Myth 7: Can IBD patients exercise?
Yes. Moderate exercise can improve bowel movements and relieve anxiety. It is recommended to choose low-intensity exercises (such as walking and yoga) and avoid high-intensity training that places pressure on the abdomen. Studies have shown that appropriate exercise can reduce fatigue and improve quality of life in IBD patients. Myth 8: Can IBD only be controlled with Western medicine?
Currently, Western medicine remains the core treatment for IBD. Non-drug approaches such as Traditional Chinese Medicine, acupuncture, enteral and parenteral nutrition support, and psychological intervention can also be used to develop personalized treatment plans to achieve long-term control of the disease. Remember: there is no “one answer” to treating IBD; the best treatment is the one that suits you!
Myth 9: Is IBD “incurable”?
Although IBD cannot be cured, it has evolved from a “disabling disease” to a “manageable chronic disease” and is not a “terminal illness.” For example, with standard treatment, ulcerative colitis can achieve a clinical remission rate exceeding 80%, allowing patients to resume normal work and life. The five-year survival rate for IBD patients is comparable to that of the general population.
Myth 10: Can IBD be conquered in the future?

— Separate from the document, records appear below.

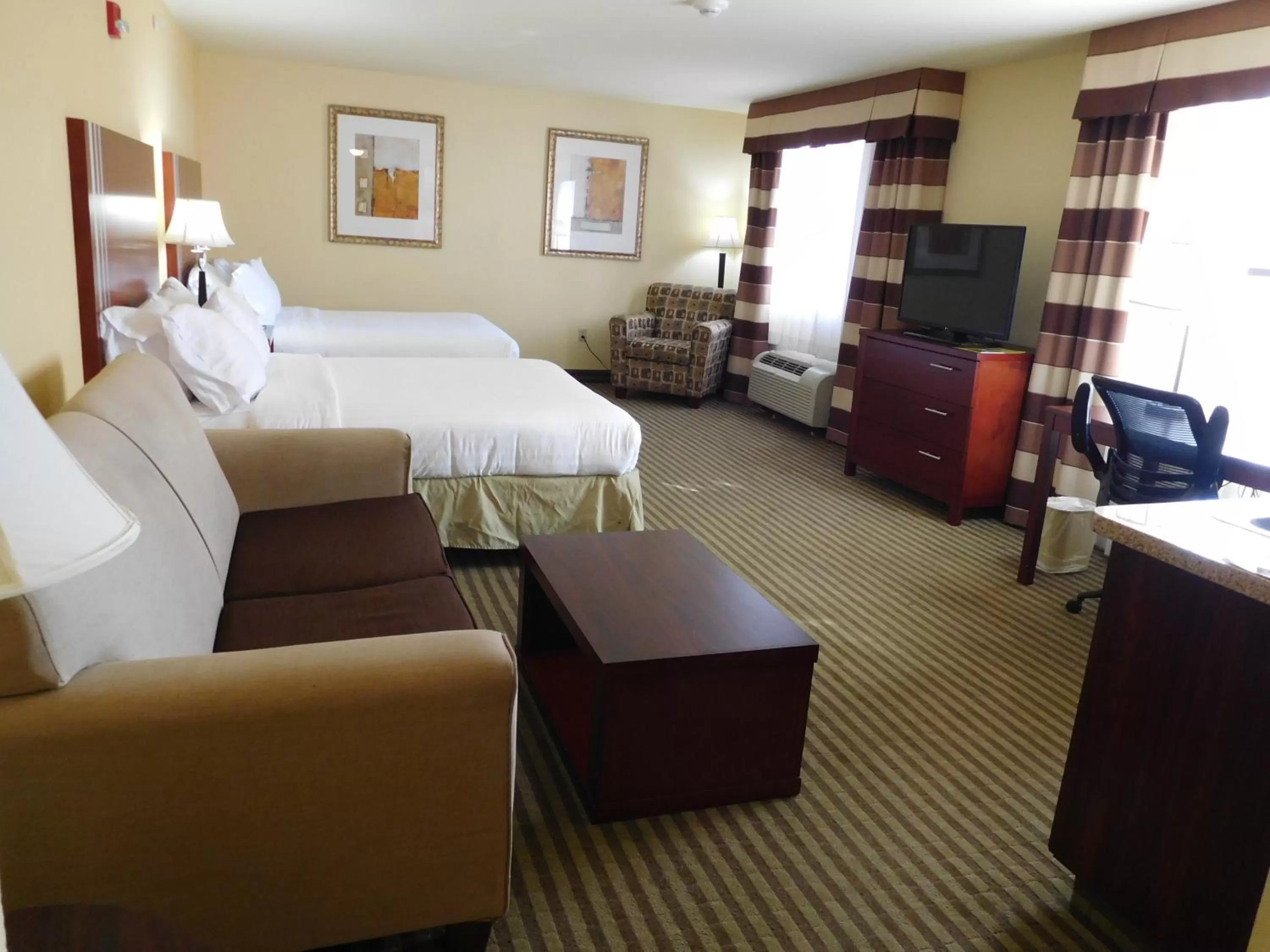 Photo of the whole room, Bed in Holiday Inn Express Ponca City by IHG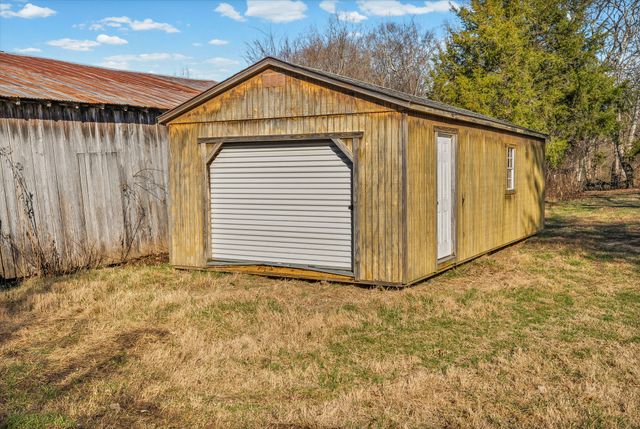 1061 Scott Rd, Bethpage, TN 37022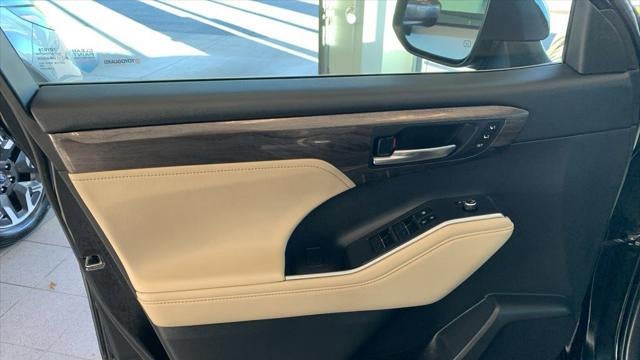 2023 Toyota Highlander Hybrid Limited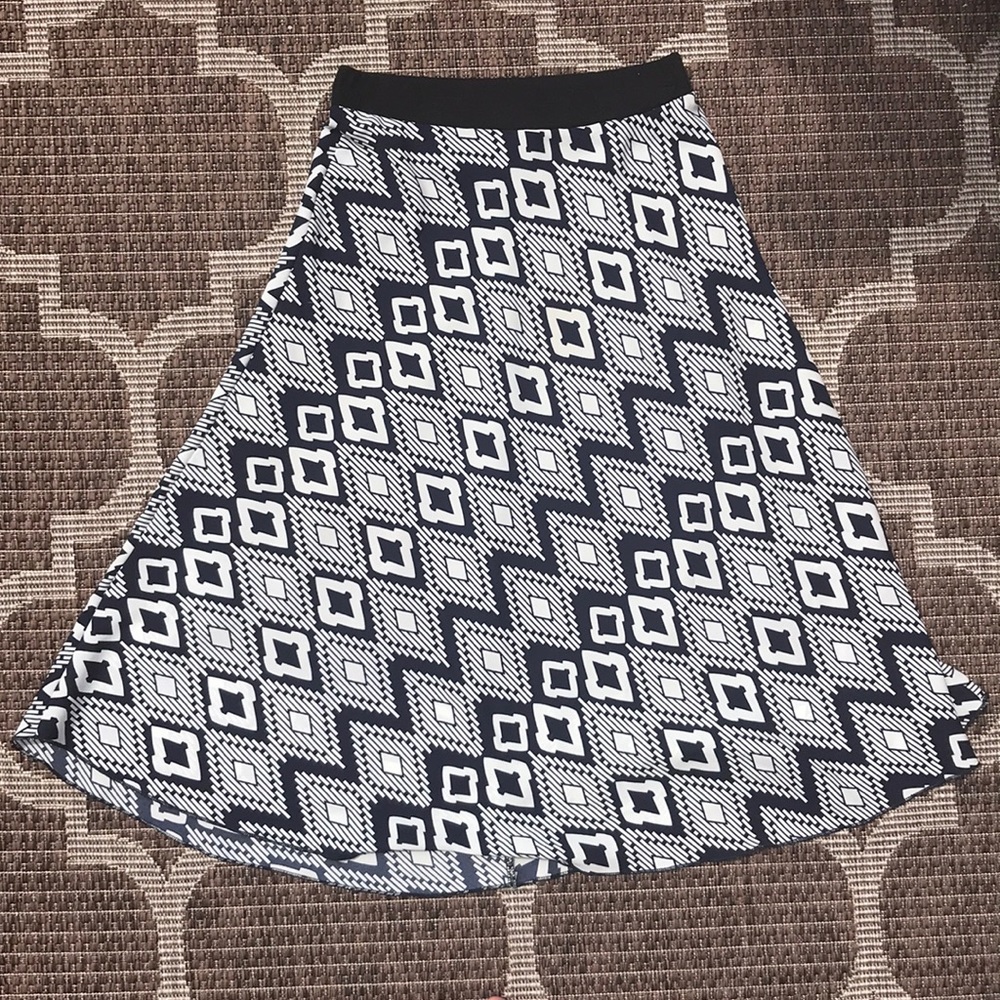LARIS skirt.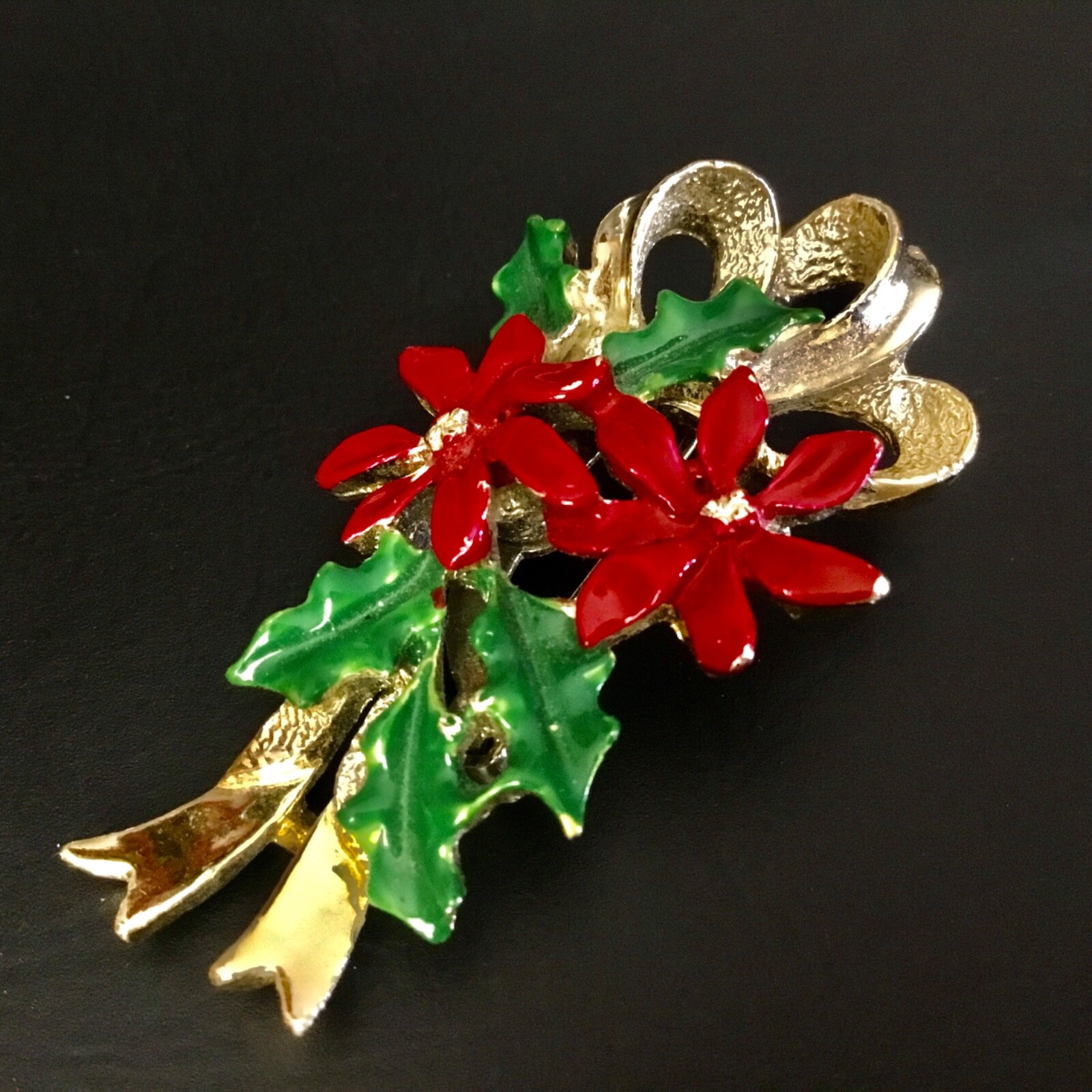 Christmas Pin Lot Signed GERRYS Gold Tone Tree Bells Poinsettia & Bow Vintage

Currently, global IBD research is rapidly advancing. From fecal microbiota transplantation to reconstruct the intestinal microbiome, to CAR-T cell therapy to precisely eliminate pathogenic immune cells, to the deep integration of basic research (including immunology, microbiology, and genomics) and clinical research (including internal medicine, surgery, and nutrition), several innovative IBD drugs have entered clinical trials, opening up new treatment dimensions in many areas. The next decade may bring breakthrough therapies. We believe that through continuous research and exploration, we will find better ways to treat IBD.
From precise diagnosis to personalized treatment, to accelerated new drug development, we are moving closer to the goal of “coexisting peacefully with IBD.” Remember: early diagnosis and treatment, standardized management, and maintaining hope. We will ultimately win this “battle to protect the gut.”